Así que llegamos y tras un leve toque gastronómico (excepcional en Bayamo) atravesamos viejas calles cuidadas como pocas hasta Llegar a la Upec, poca gente aún y Juan Carlos Roque salió al paso, poco tiempo y pasamos contenidos a una memoria para que sonara a Buena vista… la Upec de Granma es acogedora, fue poco tiempo, pero ahí el abrazo sabe a verdad pura, ojalá no pierda colores nunca.
10, 15 minutos, algo más de las 11 y arrancamos, David Rodríguez Rodríguez usa la palabra, es Compay, Eliades, Omara, Aguaje, Juan de Marcos, Rubén… todos ellos y a toda Cuba le gusta entonces bailar, de Alto Cedro a Marcané, De Santiago de Cuba a Bayamo.
Poco tiempo y lo cubano desbordaba el 20 de octubre, estábamos atrapados entre la presentación de un texto de Abel Prieto y la develación de una estatua de cera a Sara González.
Jóvenes de guitarra en mano, un español, otros periodista: Progreso, Rebelde, Radio Bayamo todos en el mismo lugar, el libro de Juan Carlos Roque enciende la chispa y unos y otros retoman la música cubana, uno es feliz en esa tierra del himno nacional, de la primera canción con tintes de cubanía. Bayamo. Un sitio en Cuba donde por 10 CUC comen ocho personas con firmeza.
El día pasa factura.

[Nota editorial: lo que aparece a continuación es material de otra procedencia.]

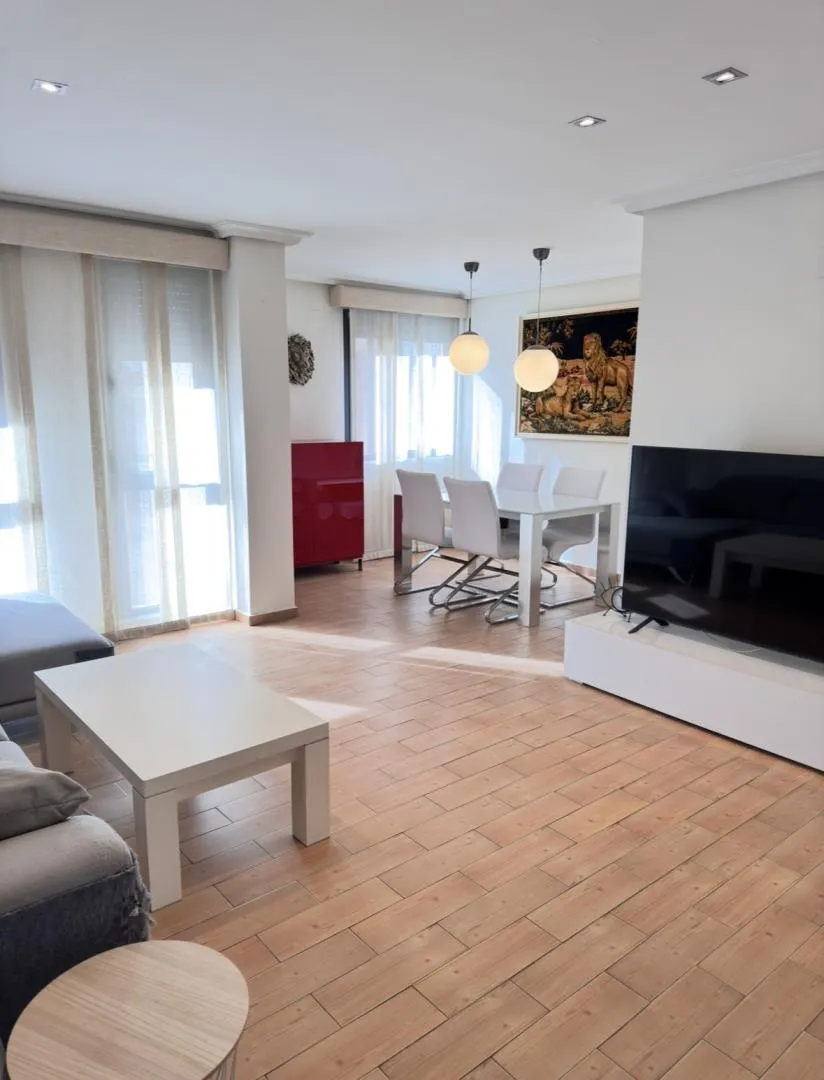 Piso en  Carrer Cayetano Martínez 10 - Foto 2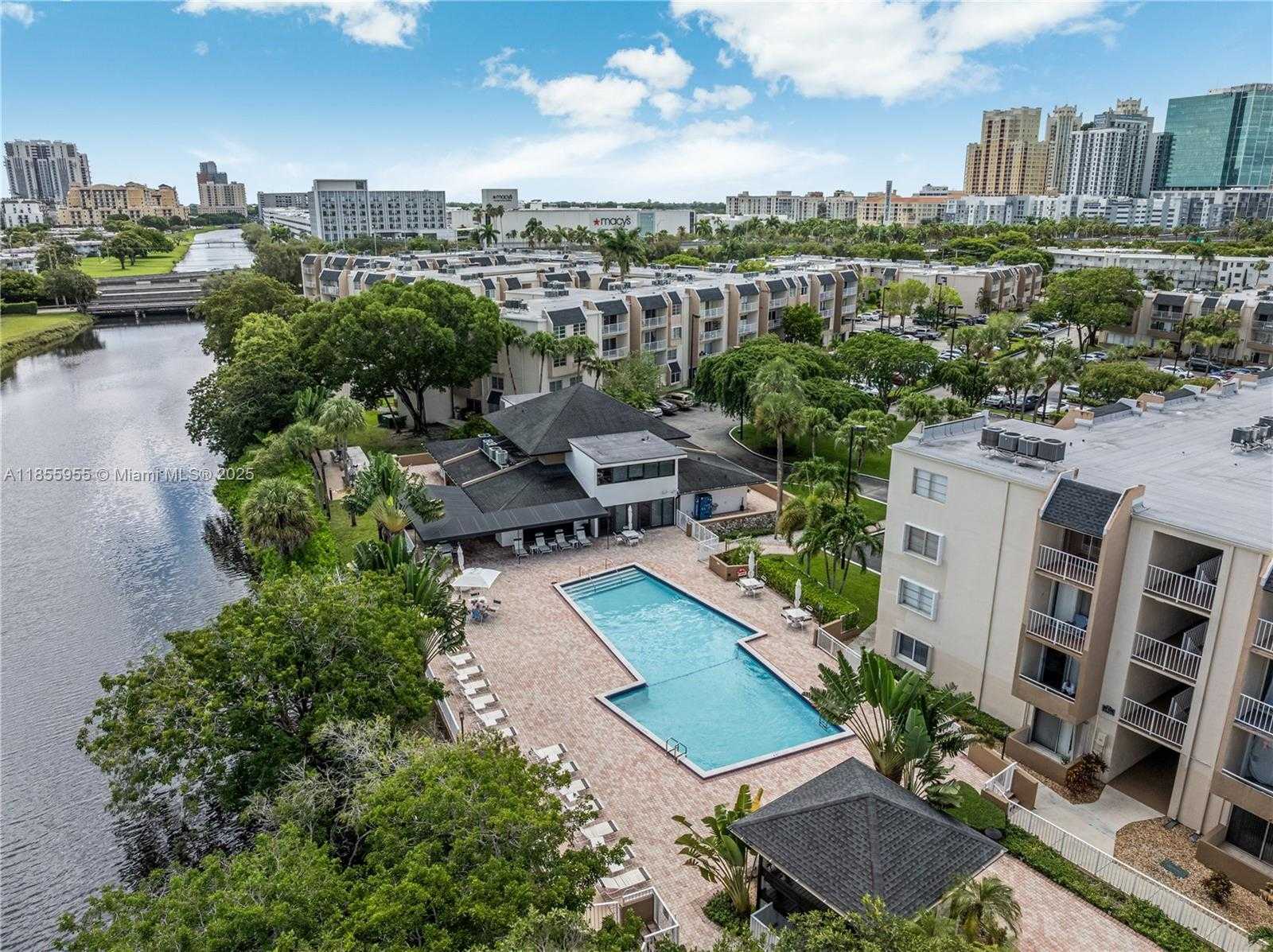 Small Image of 7765 SOUTH WEST 86TH ST #F2-405, Miami Number 3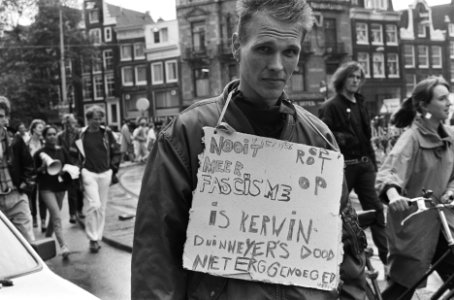 Jongen met bord tijdens herdenkingsdemonstratie Kerwin Duinmeyer in Amsterdam, Bestanddeelnr 933-7333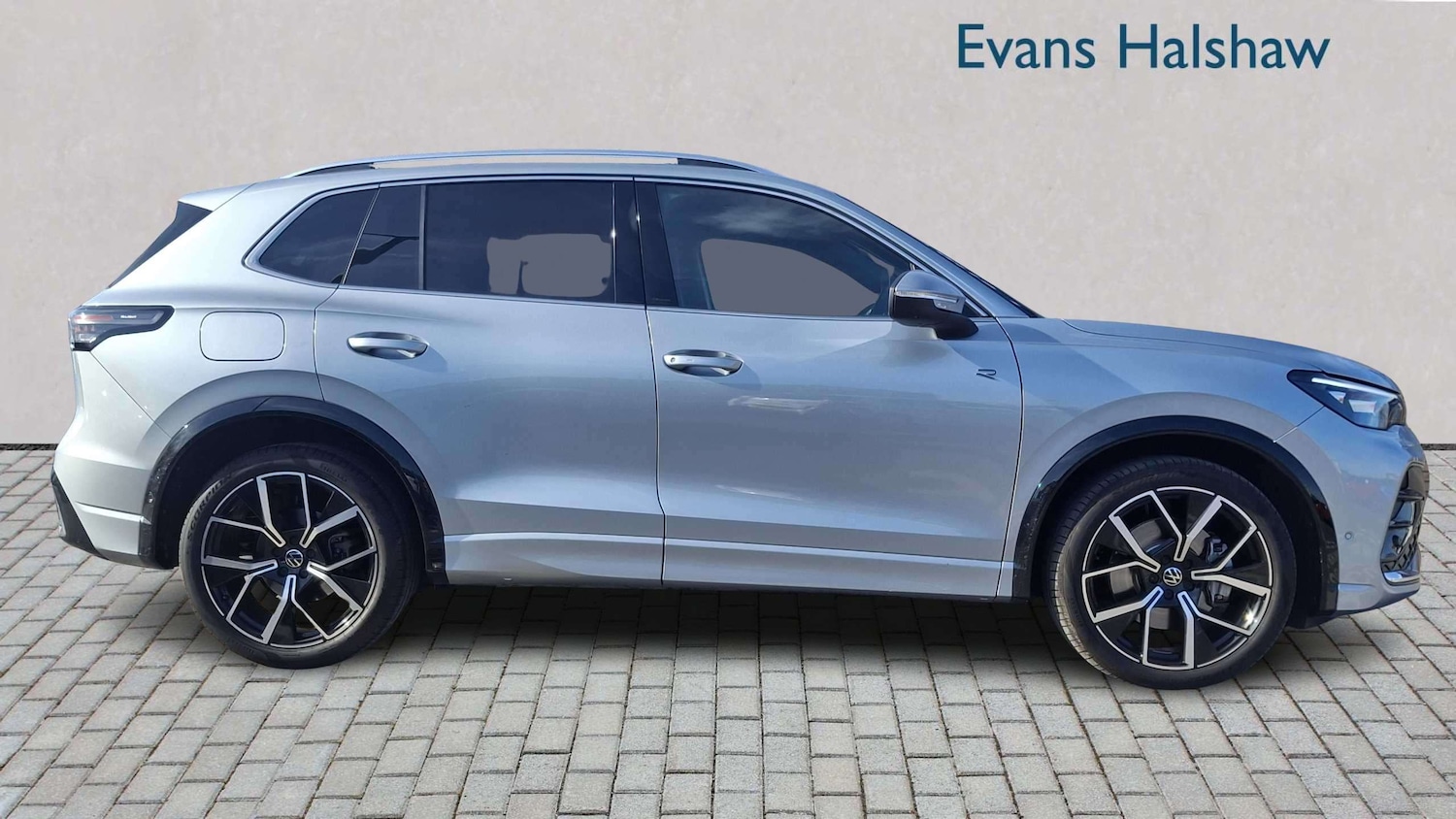 Used Volkswagen Tiguan for sale - 78173659: Photo 5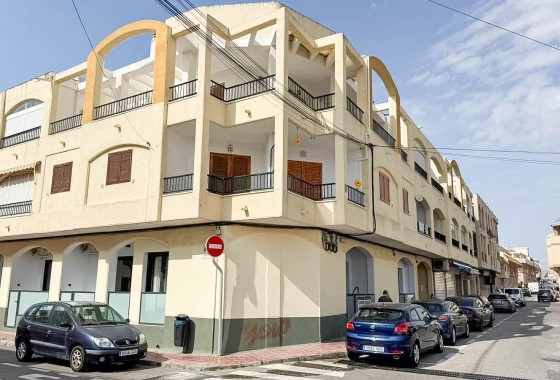 Resale - Apartment / flat - Torrevieja - Playa de los Locos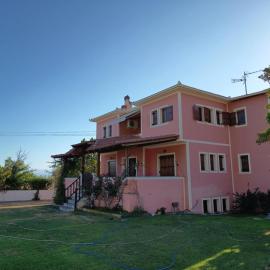 Lehonia Garden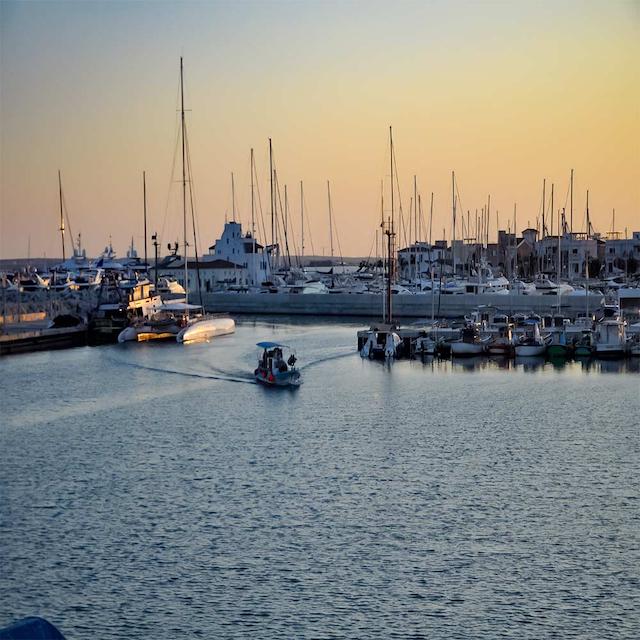 قیمت بلیط هواپیما چارتری پرواز کارون از تهران به ماهشهر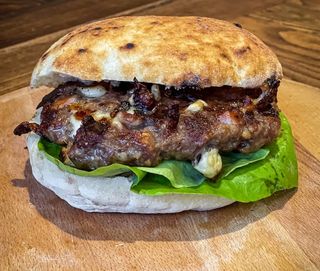 Gurmanska juneća pljeskavica 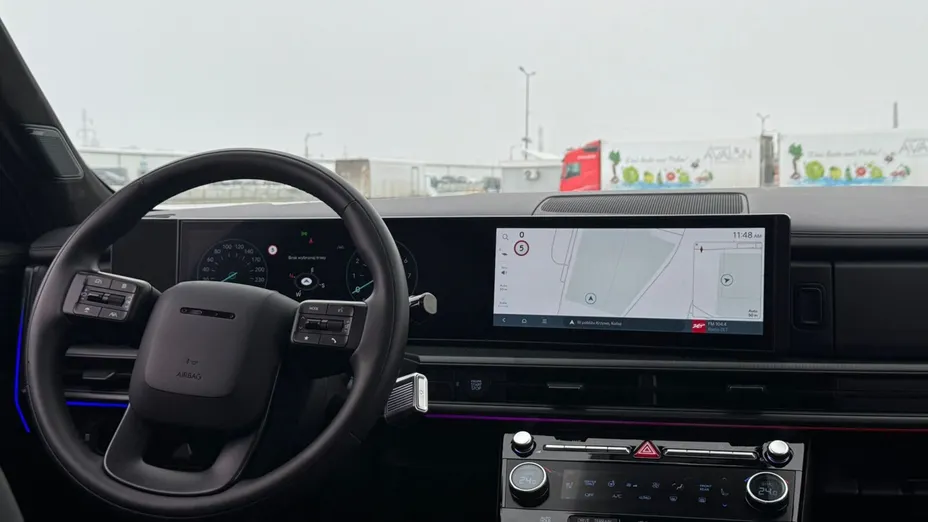 HYUNDAI Santa Fe Santa Fe 1.6 T-GDI HEV Calligraphy 4WD aut 6os.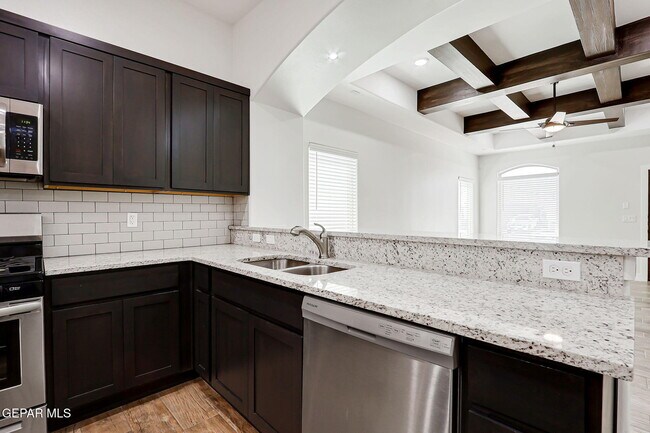 Building Photo - 14937 Tierra Fortaleza Ave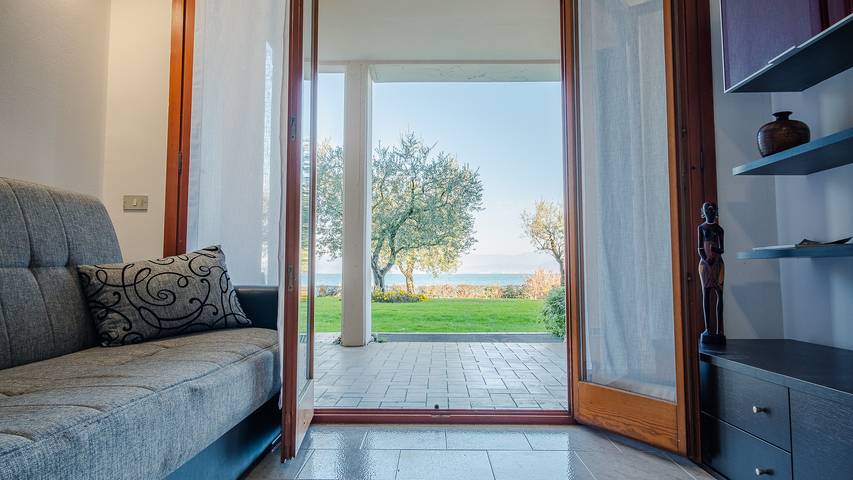 Appartamento intero, Appartamento vacanze per 4 persone con piscina in Santa Maria di Lugana, Sirmione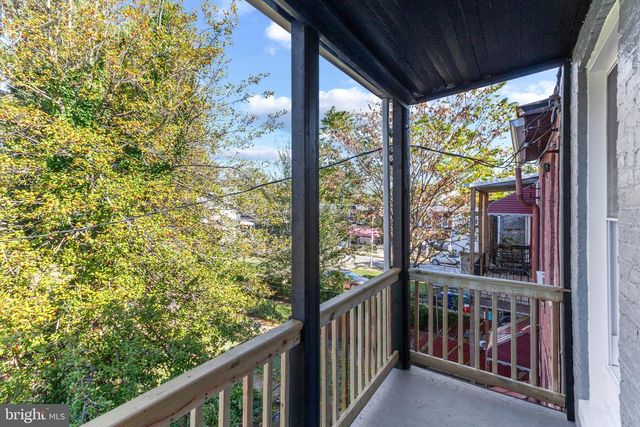 2712 W MOSHER ST, Baltimore, MD 21216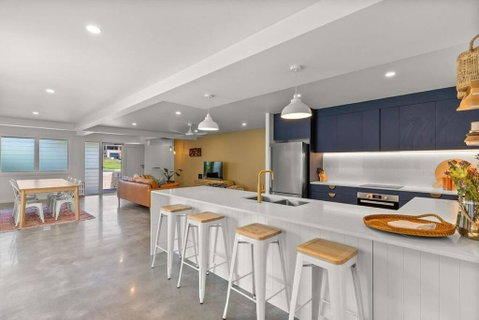 Salty Crab Bungalow - Melbourne Tourism 0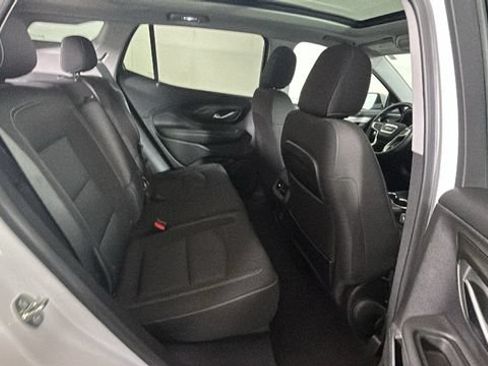 Used 2023 GMC Terrain SLE w/ Driver Convenience Package AWD/4WD image 29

No pude ver la ventana de Luz Vázquez, ni la tumba de Sindo, pero he conocido gente preciosa, he recibido el libro Cómo Cuba puso a bailar el mundo de manos de su autor, leí allí fragmento para el público, esta vez más que selecto, y he tenido uno de los mejores días de 2017. Un año que muestra una pinta horrible, llena de huracanes, terremotos y un tipo que no deja de escupir desde su ventana de Twitter, pero hay estos deslices de lo bello.
Uno va a Bayamo y puede abrazar a gente que da la vuelta al planeta para hablarnos de cantores, de discos y entonces sabemos que la felicidad es posible, aunque se vaya, siempre va a volver, tocar la puerta, como le hizo a estos añosos músicos que a los que a los 70, 80 o 90 años mostraron “Cómo Cuba puso a bailar al mundo”. Gracias Juan Carlos.